● **Exercise goal**
Lines from the start of the data through the line containing "Salak Palm (Snake" must be given again exactly. Leave the others out.

● **Supplied material**
────────────────────────────────────────

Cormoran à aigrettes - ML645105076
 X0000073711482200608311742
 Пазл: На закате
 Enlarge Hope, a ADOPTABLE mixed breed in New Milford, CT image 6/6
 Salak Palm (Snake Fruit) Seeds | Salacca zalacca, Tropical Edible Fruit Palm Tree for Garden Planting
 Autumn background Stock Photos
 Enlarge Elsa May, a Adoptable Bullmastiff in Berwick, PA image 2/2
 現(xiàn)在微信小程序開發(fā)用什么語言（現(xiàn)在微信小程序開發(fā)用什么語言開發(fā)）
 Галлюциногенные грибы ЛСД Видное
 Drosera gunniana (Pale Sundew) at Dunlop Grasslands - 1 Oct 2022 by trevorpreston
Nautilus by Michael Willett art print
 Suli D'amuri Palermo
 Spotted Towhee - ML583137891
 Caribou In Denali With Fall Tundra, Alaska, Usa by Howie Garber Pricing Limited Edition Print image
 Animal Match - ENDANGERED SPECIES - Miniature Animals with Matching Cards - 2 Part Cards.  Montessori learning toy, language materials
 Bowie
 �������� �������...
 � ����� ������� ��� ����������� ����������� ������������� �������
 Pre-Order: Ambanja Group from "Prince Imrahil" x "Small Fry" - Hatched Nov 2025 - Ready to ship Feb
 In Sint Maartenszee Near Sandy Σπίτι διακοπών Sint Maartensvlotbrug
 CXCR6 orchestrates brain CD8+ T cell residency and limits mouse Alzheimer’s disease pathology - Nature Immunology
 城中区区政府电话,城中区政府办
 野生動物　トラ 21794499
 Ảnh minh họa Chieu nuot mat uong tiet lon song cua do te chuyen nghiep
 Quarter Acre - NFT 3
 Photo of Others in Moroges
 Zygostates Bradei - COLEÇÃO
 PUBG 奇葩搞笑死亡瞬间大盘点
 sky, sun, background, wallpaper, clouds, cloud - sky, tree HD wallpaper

────────────────────────────────────────

● **Response to this task**
Cormoran à aigrettes - ML645105076
 X0000073711482200608311742
 Пазл: На закате
 Enlarge Hope, a ADOPTABLE mixed breed in New Milford, CT image 6/6
 Salak Palm (Snake Fruit) Seeds | Salacca zalacca, Tropical Edible Fruit Palm Tree for Garden Planting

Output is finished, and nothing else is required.